**Work item:** Your copy should hold only the lines from the one holding "Freechat shinyandused on Chaturbate" through the last line of the records below, both included, each exact and with no pictures.

+++ Data records +++

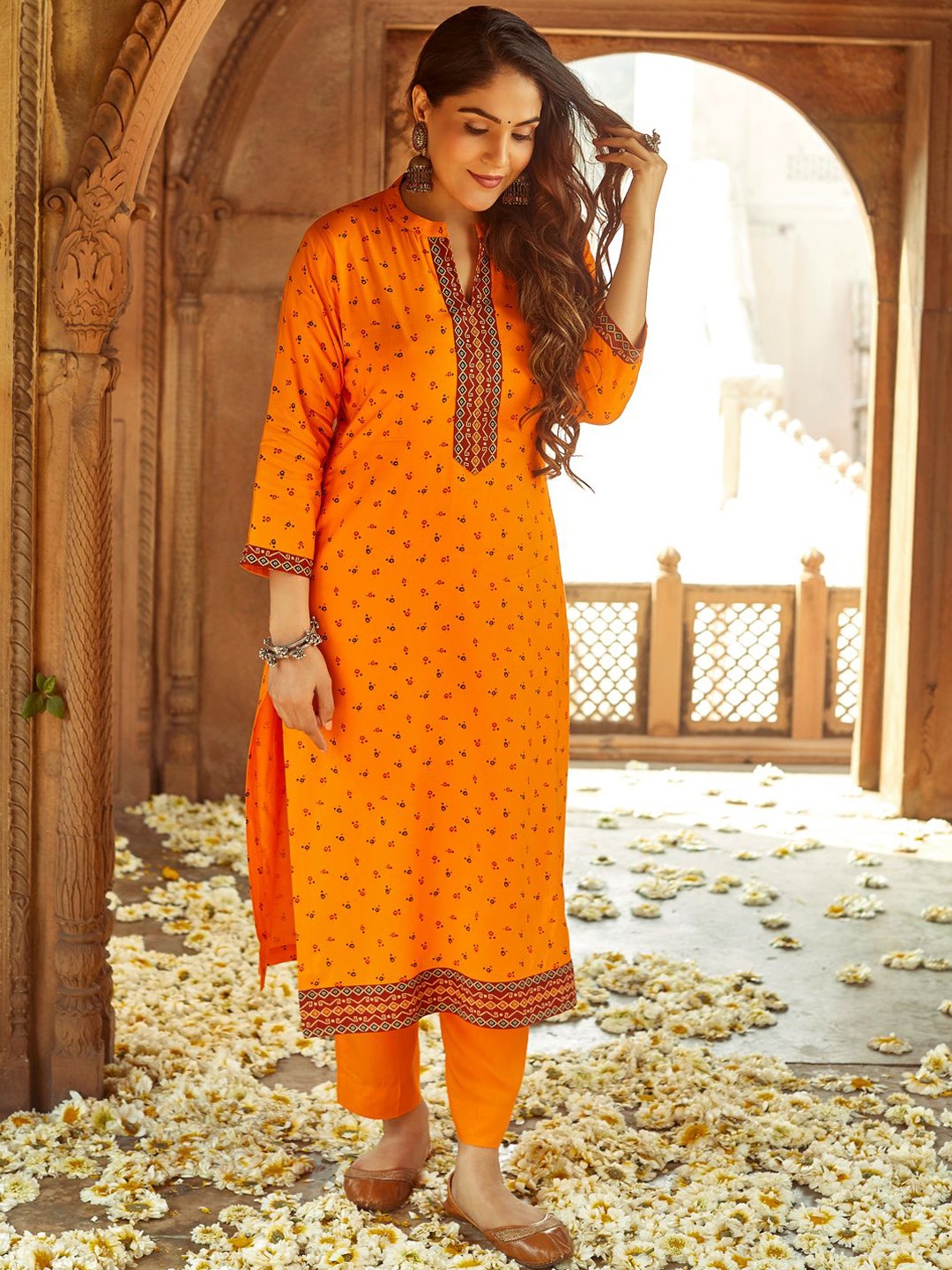 WOMEN PLUS Women Ethnic Motifs Embroidered Flared Sleeves Mirror Work Kurta, Yellow
WOMEN PLUS Women Ethnic Motifs Embroidered Flared Sleeves Mirror Work Kurta, Yellow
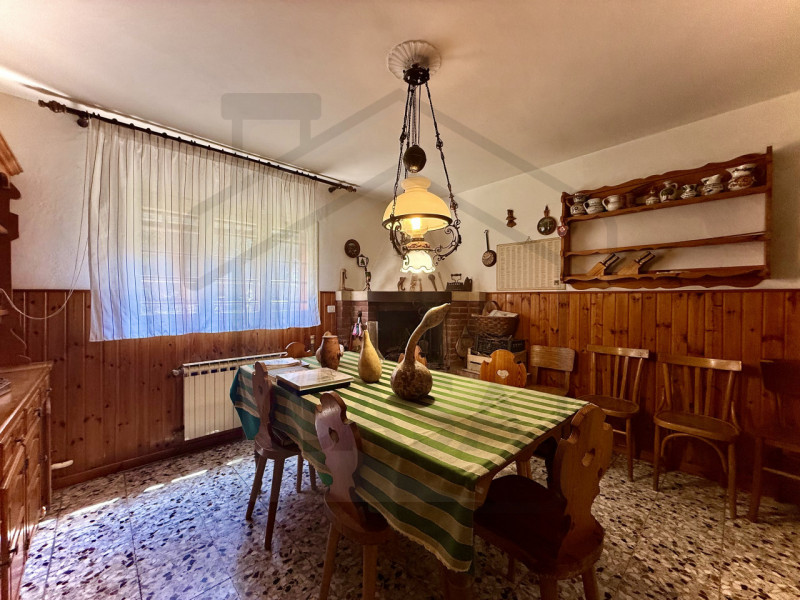 PADOVA - Casa singola terratetto situata nel cuore della tranquilla zona di Guizza, a Padova. Con...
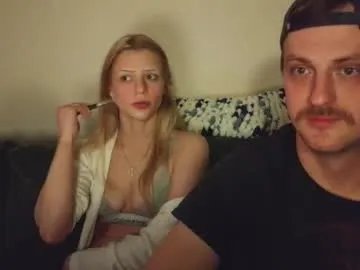 Freechat shinyandused on Chaturbate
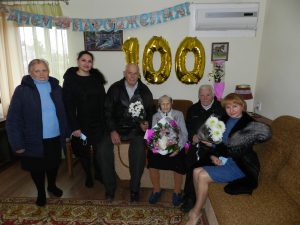 На Дніпропетровщині 100-річна ювілярка поділилась секретом довголіття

+++

**Expected answer:**
 Freechat shinyandused on Chaturbate
 На Дніпропетровщині 100-річна ювілярка поділилась секретом довголіття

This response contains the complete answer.